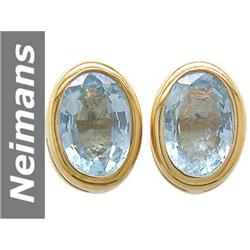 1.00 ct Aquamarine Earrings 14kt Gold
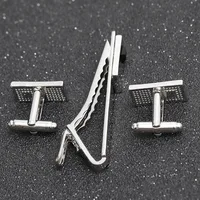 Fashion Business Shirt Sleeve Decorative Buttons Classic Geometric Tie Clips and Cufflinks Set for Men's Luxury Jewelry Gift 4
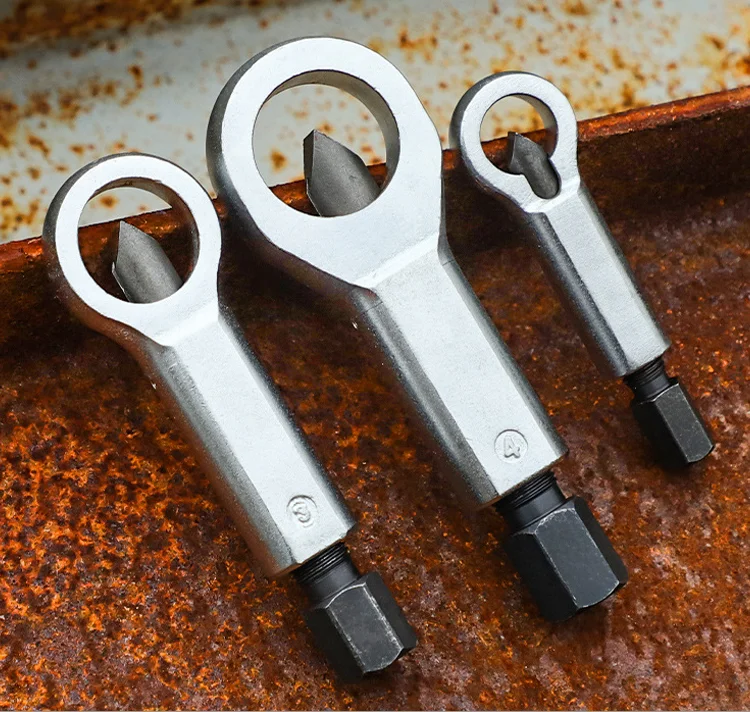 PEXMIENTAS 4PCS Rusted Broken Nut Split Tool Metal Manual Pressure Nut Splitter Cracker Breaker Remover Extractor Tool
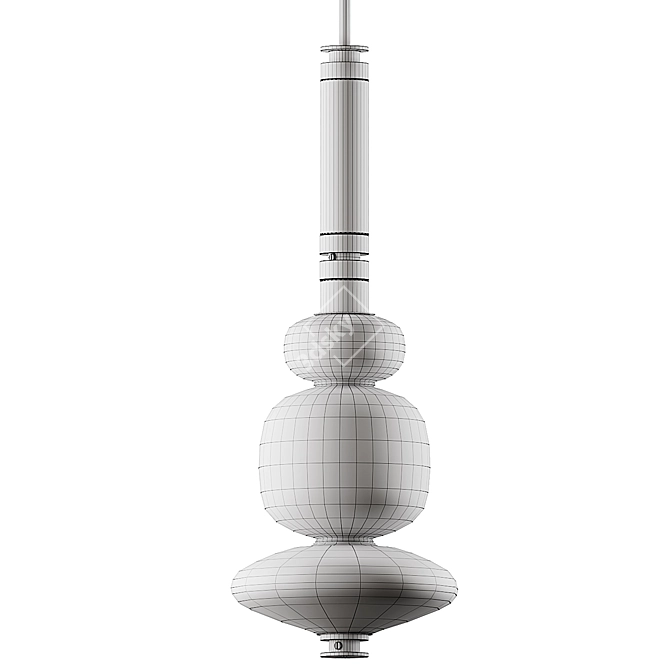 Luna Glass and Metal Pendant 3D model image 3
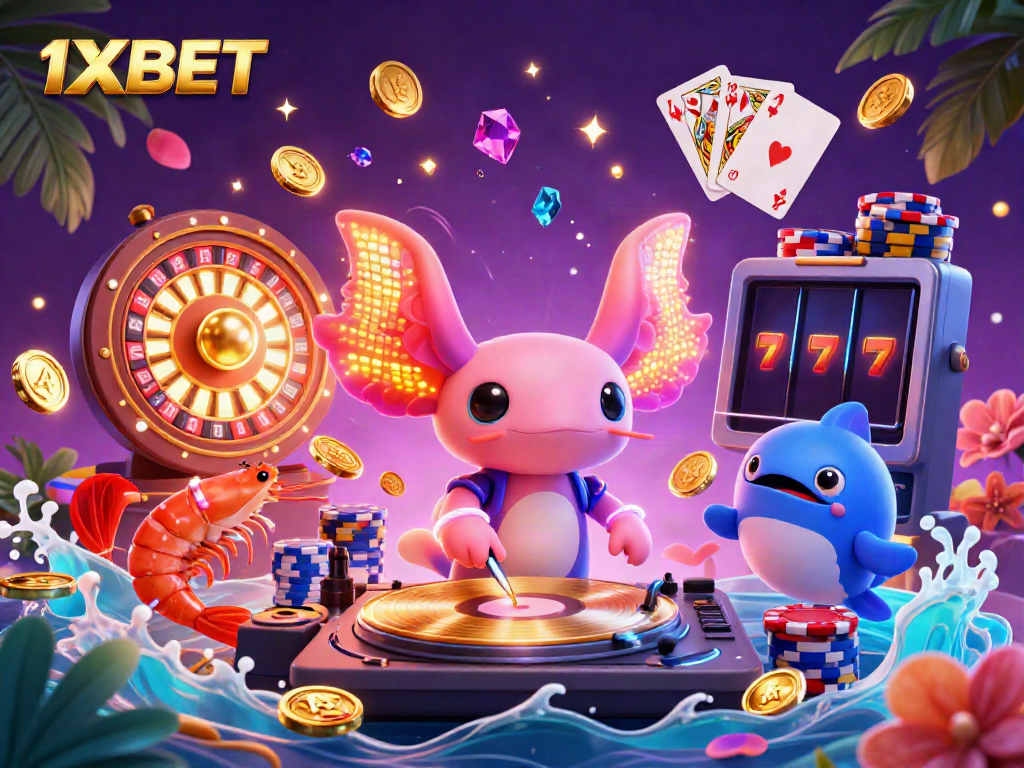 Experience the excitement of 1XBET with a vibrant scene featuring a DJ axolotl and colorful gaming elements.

...

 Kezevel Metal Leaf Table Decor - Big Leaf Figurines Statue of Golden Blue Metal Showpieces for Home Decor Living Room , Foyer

**Task objective:** Your copy should hold the lines from the one with "1.00 ct Aquamarine Earrings 14kt Gold" up to and including the one with "Experience the excitement", exactly as in the data above, and no pictures.

**Your response:**
 1.00 ct Aquamarine Earrings 14kt Gold
 Fashion Business Shirt Sleeve Decorative Buttons Classic Geometric Tie Clips and Cufflinks Set for Men's Luxury Jewelry Gift 4
 PEXMIENTAS 4PCS Rusted Broken Nut Split Tool Metal Manual Pressure Nut Splitter Cracker Breaker Remover Extractor Tool
 Luna Glass and Metal Pendant 3D model image 3
 Experience the excitement of 1XBET with a vibrant scene featuring a DJ axolotl and colorful gaming elements.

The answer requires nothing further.